DATA TO EXAMINE: Begin

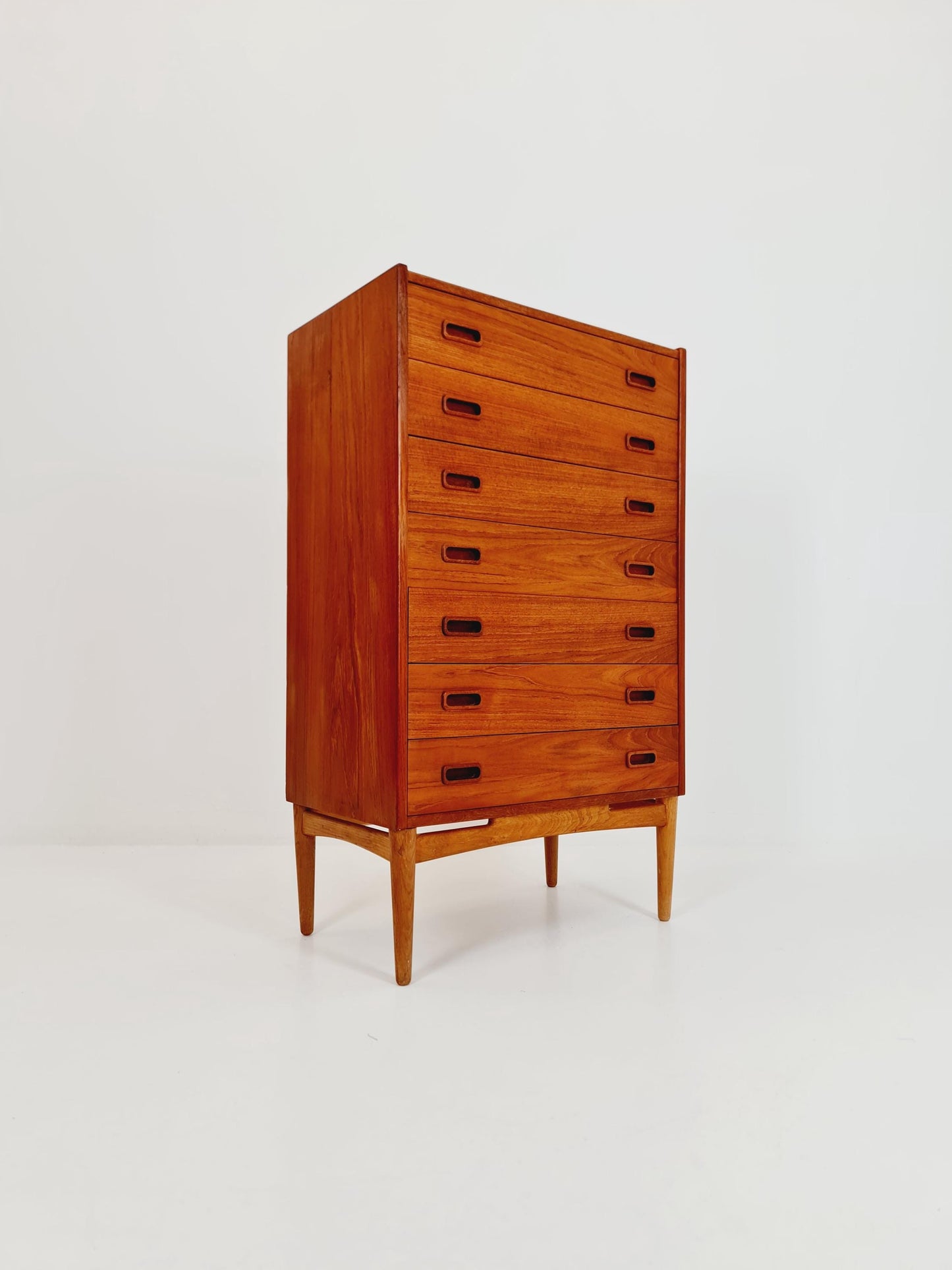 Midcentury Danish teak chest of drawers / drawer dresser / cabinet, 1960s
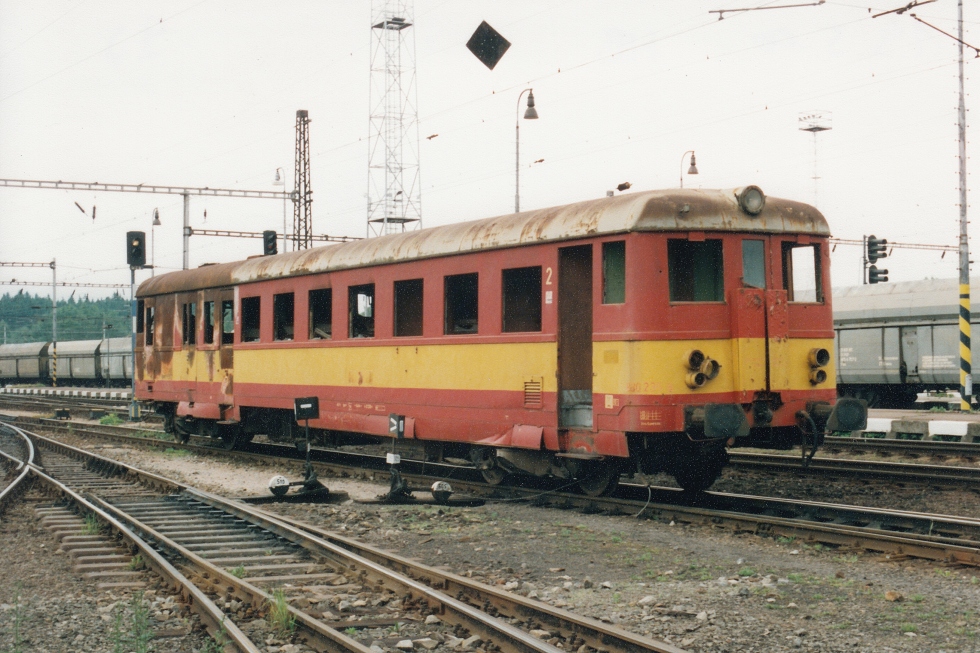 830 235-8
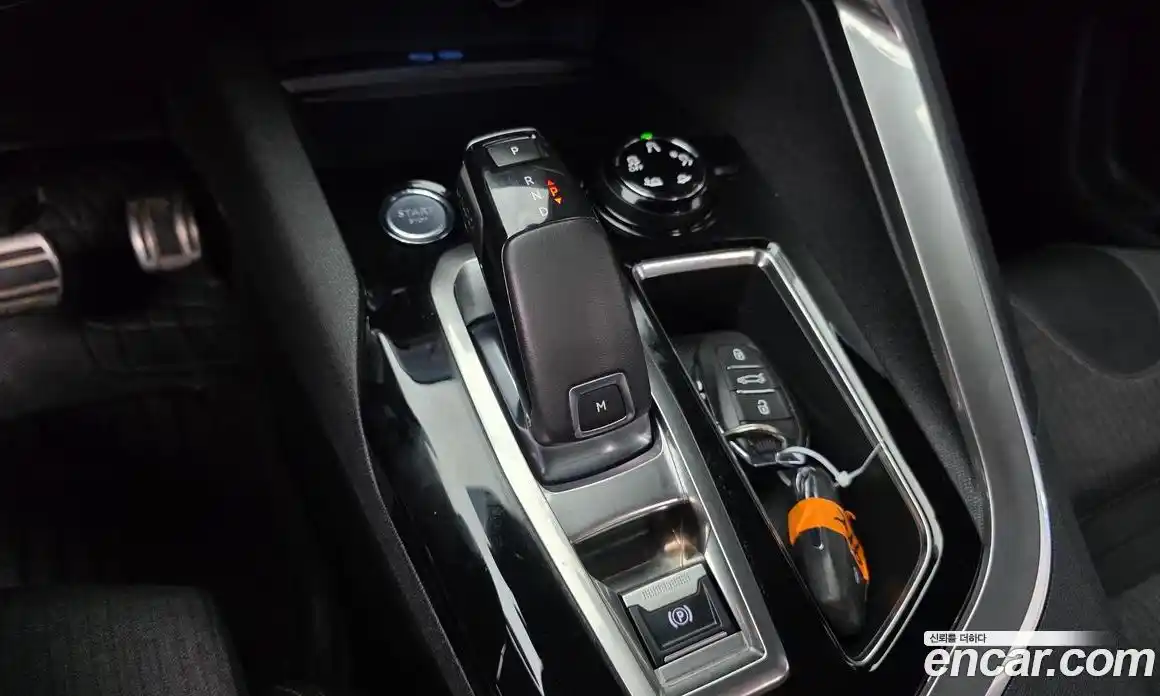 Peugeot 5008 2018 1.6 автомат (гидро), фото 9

DATA TO EXAMINE: End
DATA TO EXAMINE: Begin

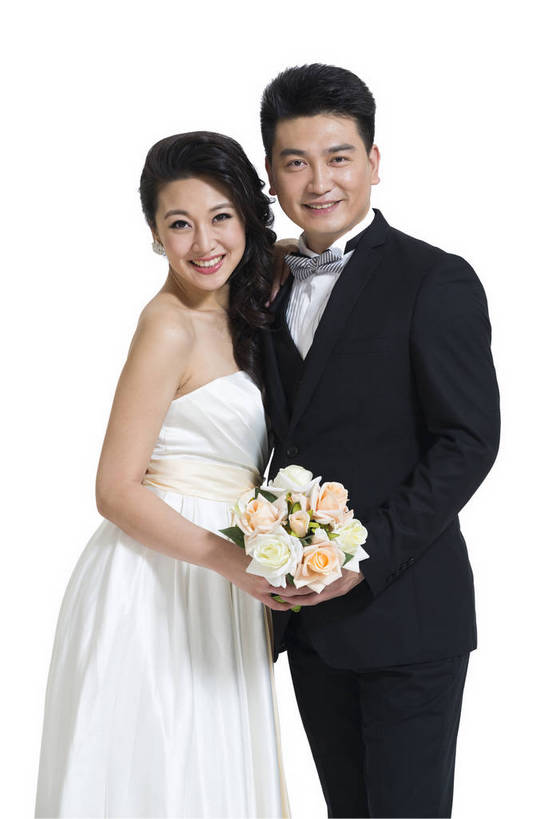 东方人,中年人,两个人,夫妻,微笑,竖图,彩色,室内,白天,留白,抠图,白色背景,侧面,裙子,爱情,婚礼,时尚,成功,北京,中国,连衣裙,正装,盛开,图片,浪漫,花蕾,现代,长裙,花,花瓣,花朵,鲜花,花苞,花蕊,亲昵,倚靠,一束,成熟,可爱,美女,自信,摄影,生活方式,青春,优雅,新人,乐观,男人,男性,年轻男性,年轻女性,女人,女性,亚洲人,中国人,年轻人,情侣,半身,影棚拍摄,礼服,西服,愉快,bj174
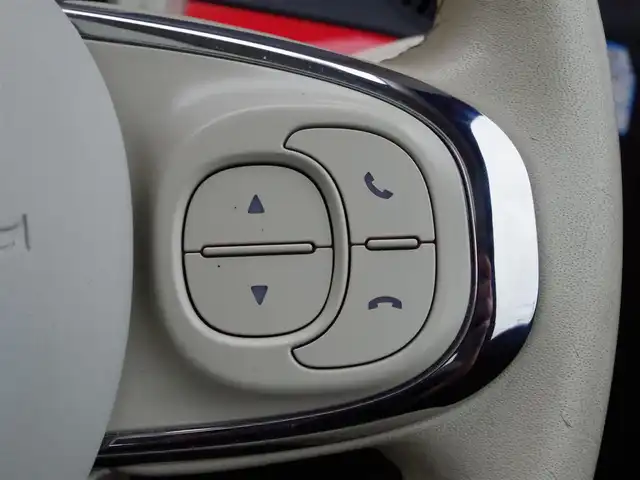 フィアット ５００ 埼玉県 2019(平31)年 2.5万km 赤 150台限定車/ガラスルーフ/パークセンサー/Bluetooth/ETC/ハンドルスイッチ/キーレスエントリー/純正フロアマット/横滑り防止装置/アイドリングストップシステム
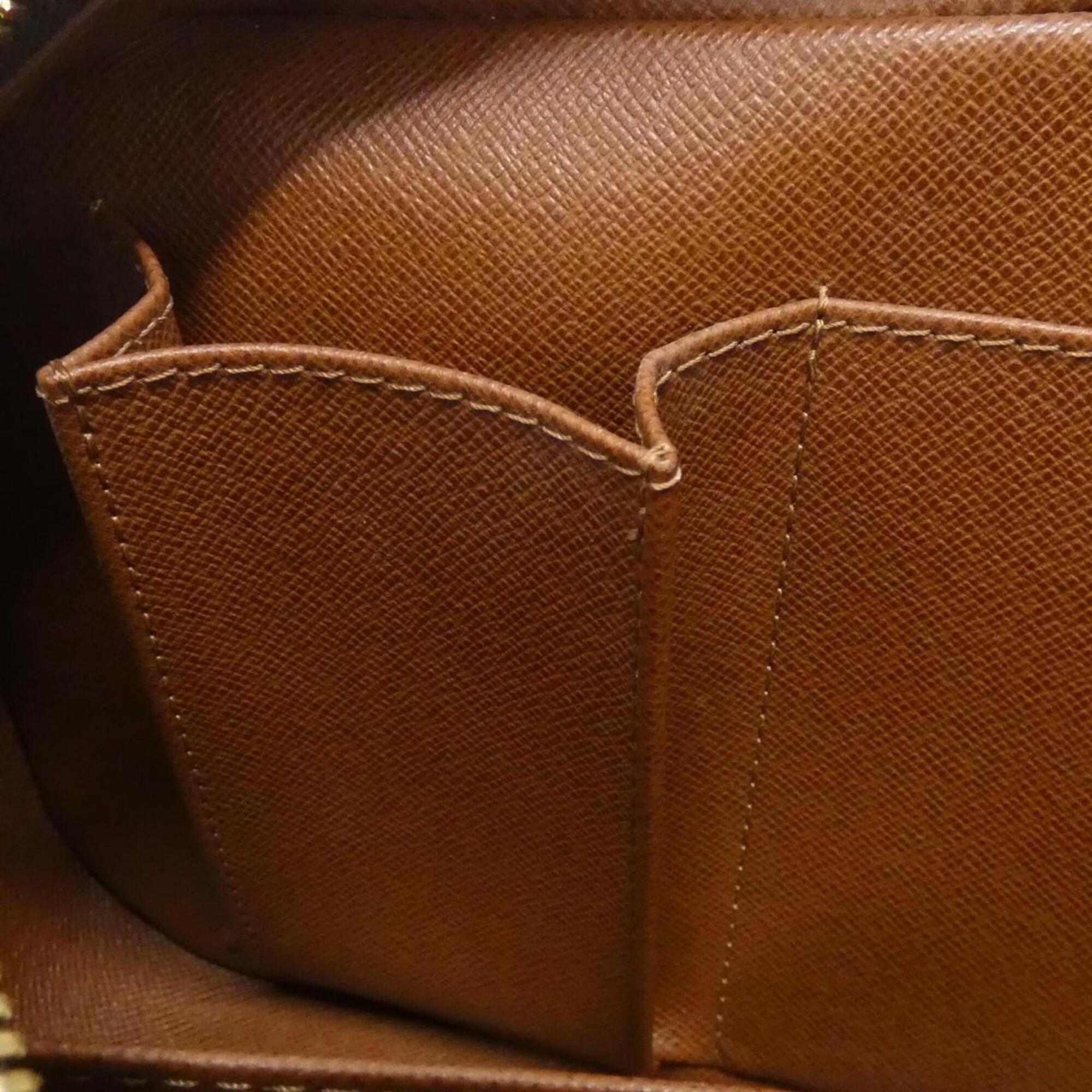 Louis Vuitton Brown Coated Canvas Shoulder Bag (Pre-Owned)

DATA TO EXAMINE: End
DATA TO EXAMINE: Begin

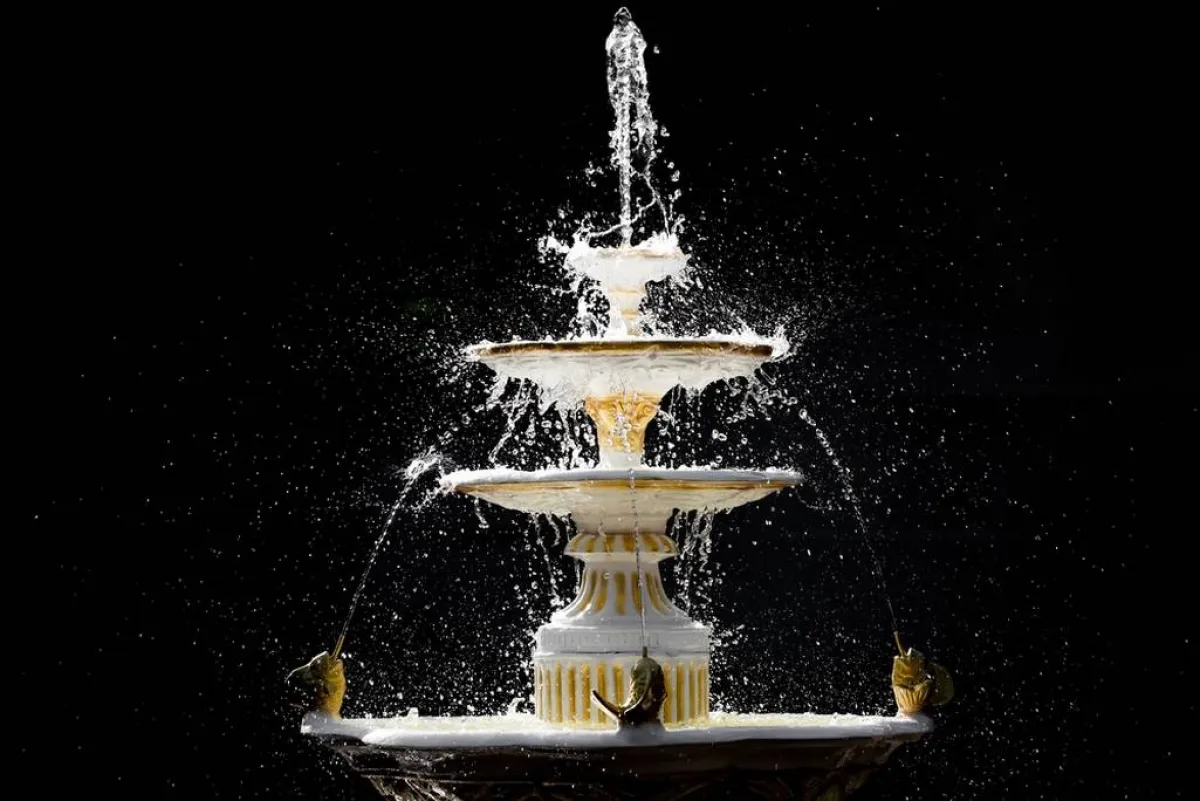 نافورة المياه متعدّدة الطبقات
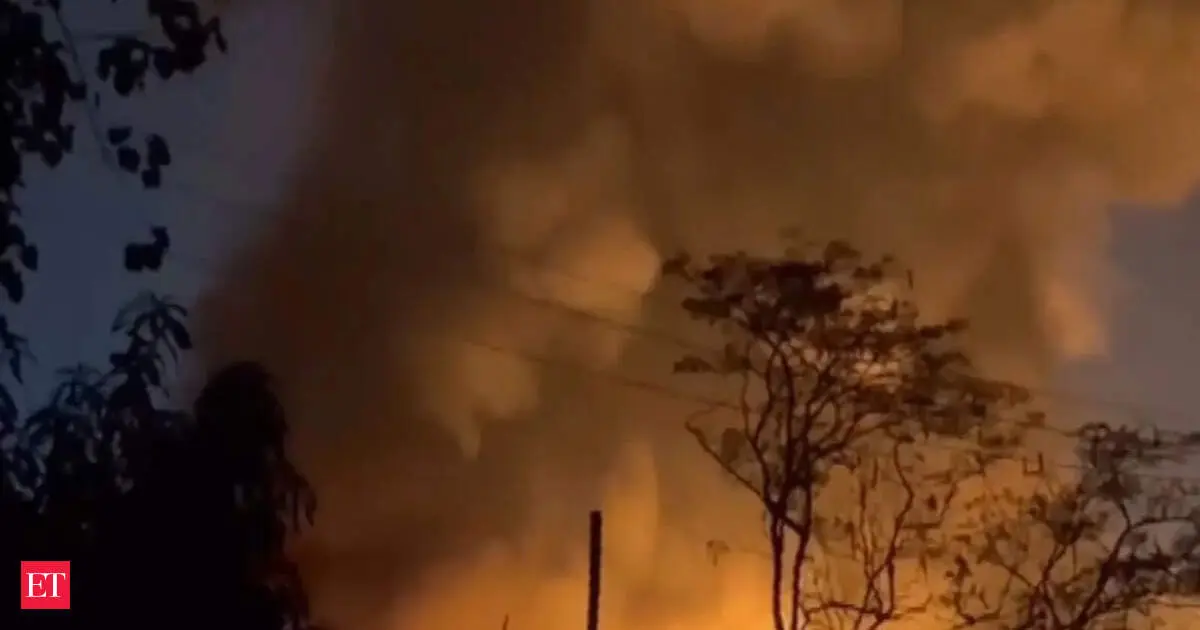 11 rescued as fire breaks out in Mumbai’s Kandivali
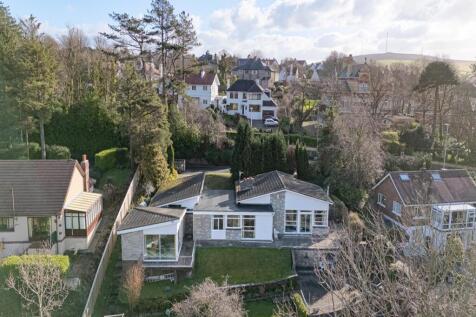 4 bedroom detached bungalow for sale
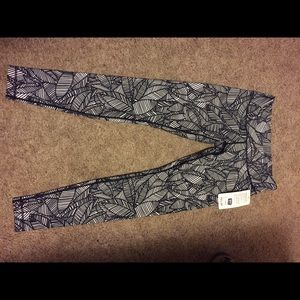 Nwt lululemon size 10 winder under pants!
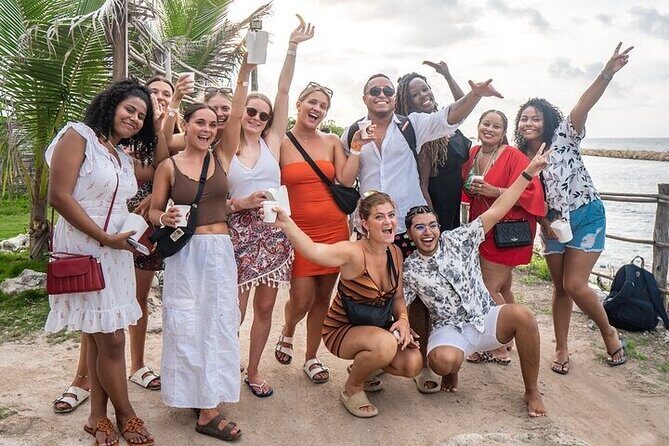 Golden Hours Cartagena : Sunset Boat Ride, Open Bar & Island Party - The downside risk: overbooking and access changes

DATA TO EXAMINE: End

WHAT IS NEEDED: Everything above from the line with "4 bedroom detached bungalow for sale" through the line with "Golden Hours Cartagena" should be retyped exactly, and nothing else; omit pictures.

SOLUTION TO THE PROBLEM:
 4 bedroom detached bungalow for sale
 Nwt lululemon size 10 winder under pants!
 Golden Hours Cartagena : Sunset Boat Ride, Open Bar & Island Party - The downside risk: overbooking and access changes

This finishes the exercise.